Its data showed a breakdown of cases according to counties in its 600-mile response zone. Santa Cruz County had the highest number of harassment incidents.  

Breakdown by county (all species): 

  • Santa Cruz – 35 cases (21% of all cases)
  • Monterey – 31 cases (19% of all cases)
  • San Luis Obispo – 30 cases (18% of all cases)
  • San Mateo – 21 cases (13% of all cases)
  • San Francisco – 13 cases (8% of all cases)
  • Marin – 12 cases (7% of all cases)
  • Sonoma – 8 cases (5% of all cases)
  • Solano – 1 case (1% of all cases)
  • Mendocino – 1 case (1% of all cases)

Infographic showcasing hotspot areas for marine mammal harassment by people and dogs along the California coast based on 2022 data from The Marine Mammal Center in Sausalito, Calif. (The Marine Mammal Center)

 As part of its campaign, The Marine Mammal Center urged the public to follow these rules when encountering marine wildlife: 

  • Keep your distance: Give marine mammals space and enjoy them from a safe distance on beaches and in the water
  • Keeping dogs on a leash
  • Use your zoom: It’s OK to take photos and admire the animals, but if an animal reacts to your presence, then you’re too close.
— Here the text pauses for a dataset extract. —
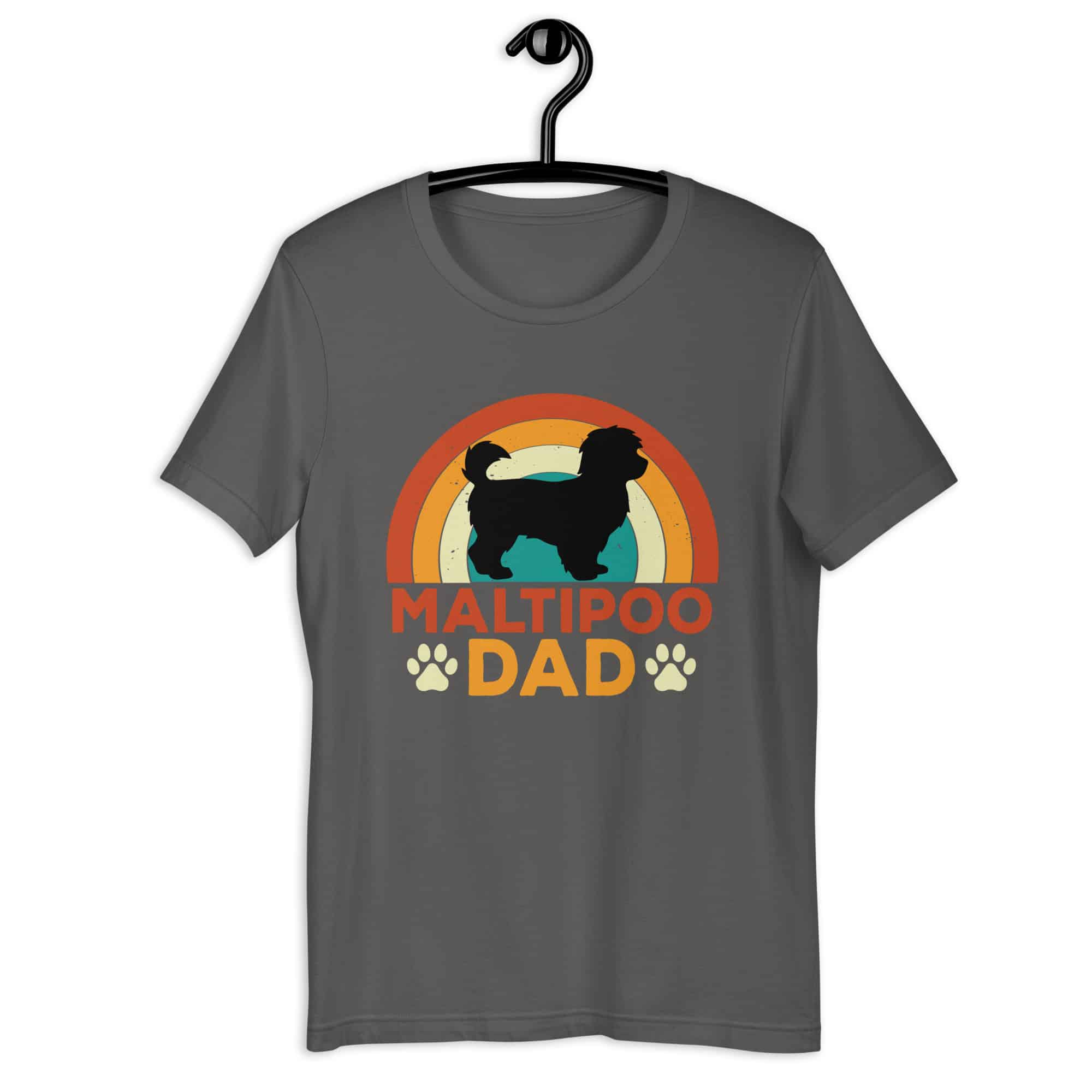 Maltipoo Dad Unisex T-Shirt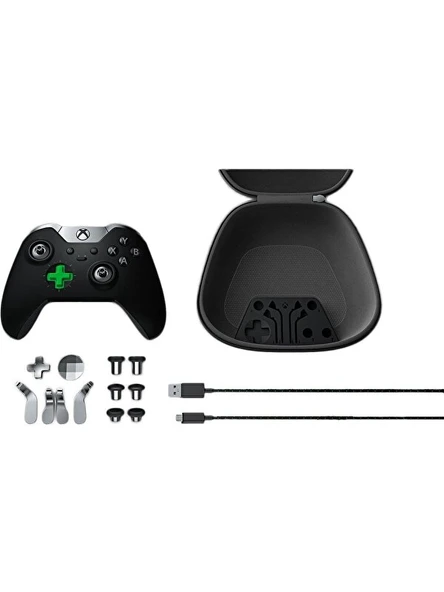 Microsoft Xbox Elite Series 2 Controller ( Ithalatçı Garantili ) - Resim 2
No SEAL-FIES please!
  • Call the experts, don't intervene

"The only way to ensure the safety and wellbeing of these animals is to first call the experts and keep a safe distance until trained responders arrive," officials stressed.

Members of the public who witness a marine mammal in distress were urged to call, The Marine Mammal Center’s hotline at 415-289-SEAL (7325).